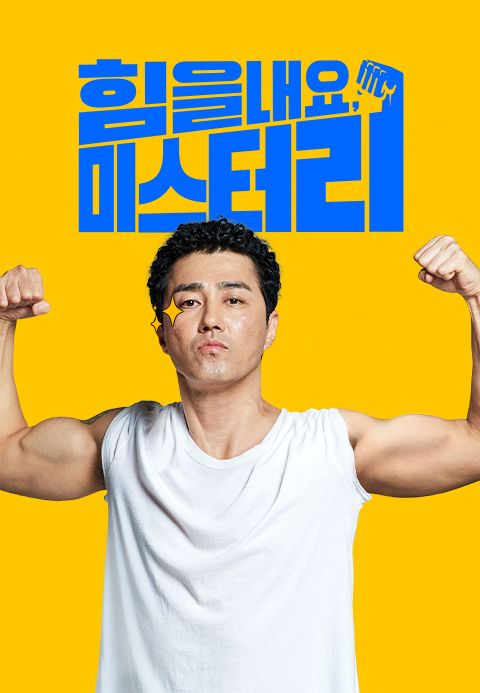 [판매종료]힘을 내요, 미스터 리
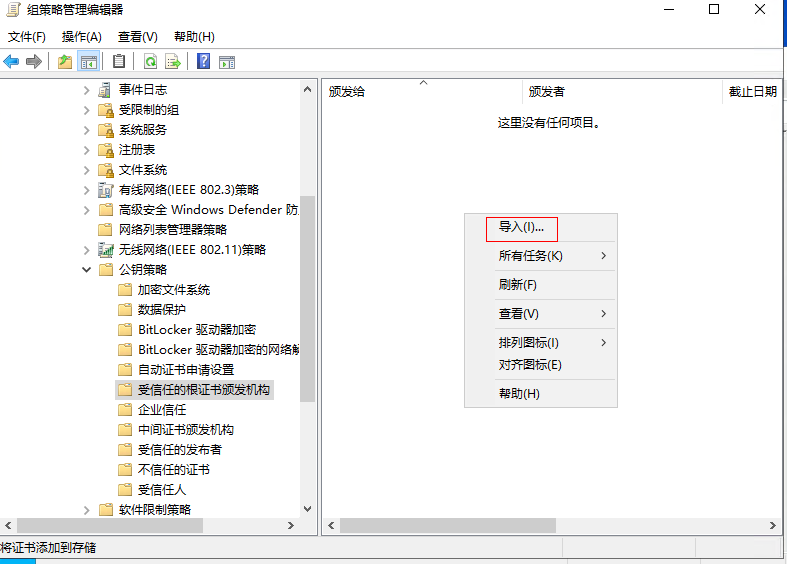 HowToSetIPSSL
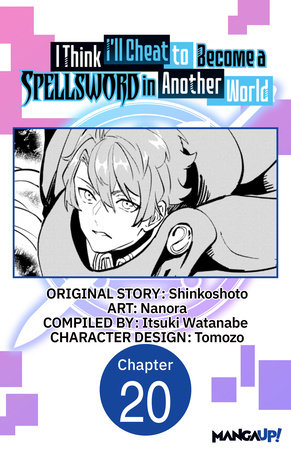 I Think I'll Cheat to Become a Spellsword in Another World #020 by Shinkoshoto and Nanora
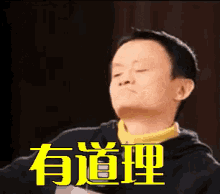 有道理，点头，赞同，马云 GIF - JackMa MakeSense Nod GIFs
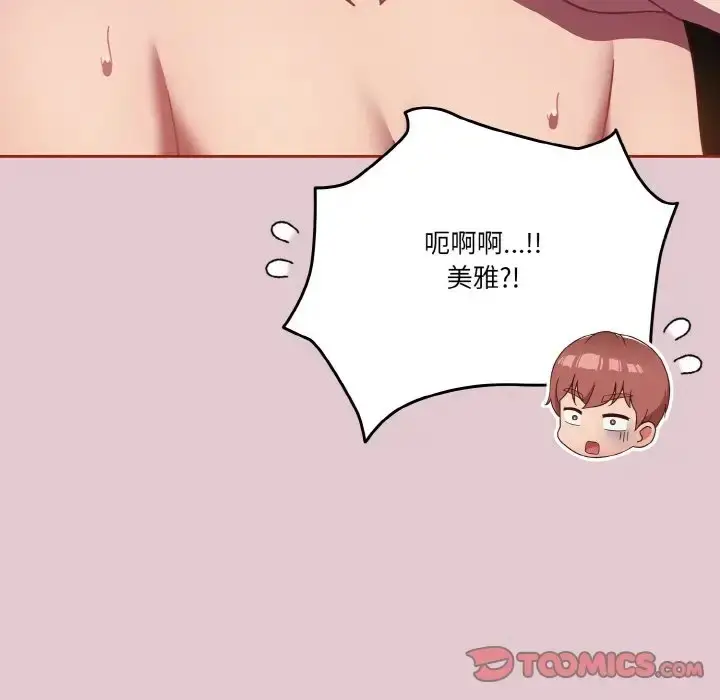 漫画《天降美差》第15话第123张图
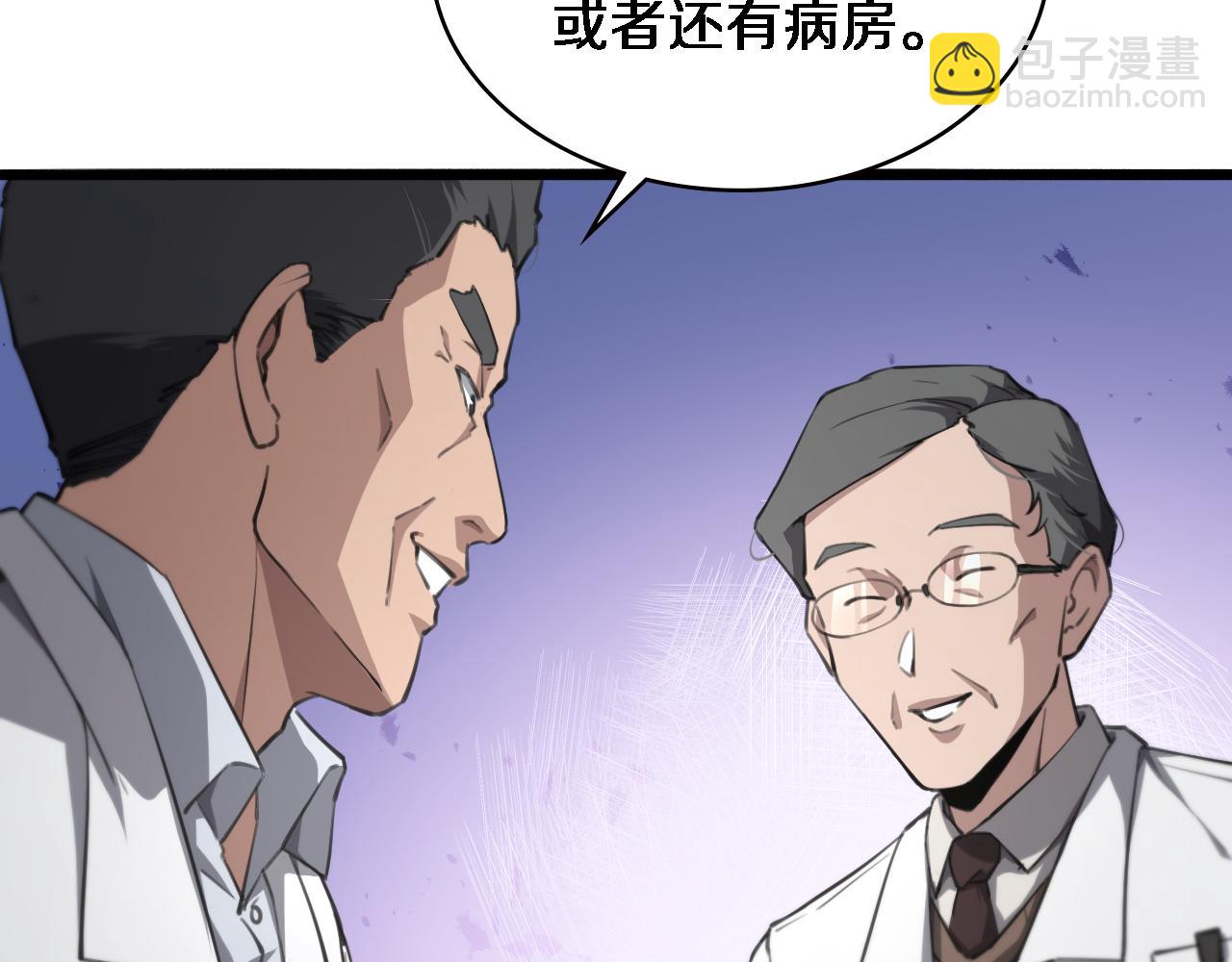 🍼大医凌然 第158话 肝癌手术开始 第19页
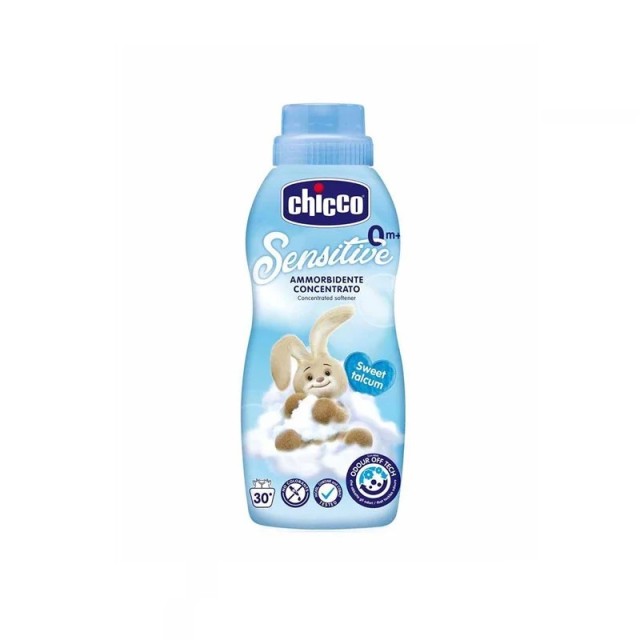 Chicco Συμπυκνω …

■ ■ ■ ■ ■

Activity:
An exact copy of the material is required, minus the pictures.

Reply:
 [판매종료]힘을 내요, 미스터 리
 HowToSetIPSSL
 I Think I'll Cheat to Become a Spellsword in Another World #020 by Shinkoshoto and Nanora
 有道理，点头，赞同，马云 GIF - JackMa MakeSense Nod GIFs
 漫画《天降美差》第15话第123张图
 🍼大医凌然 第158话 肝癌手术开始 第19页
 Chicco Συμπυκνω …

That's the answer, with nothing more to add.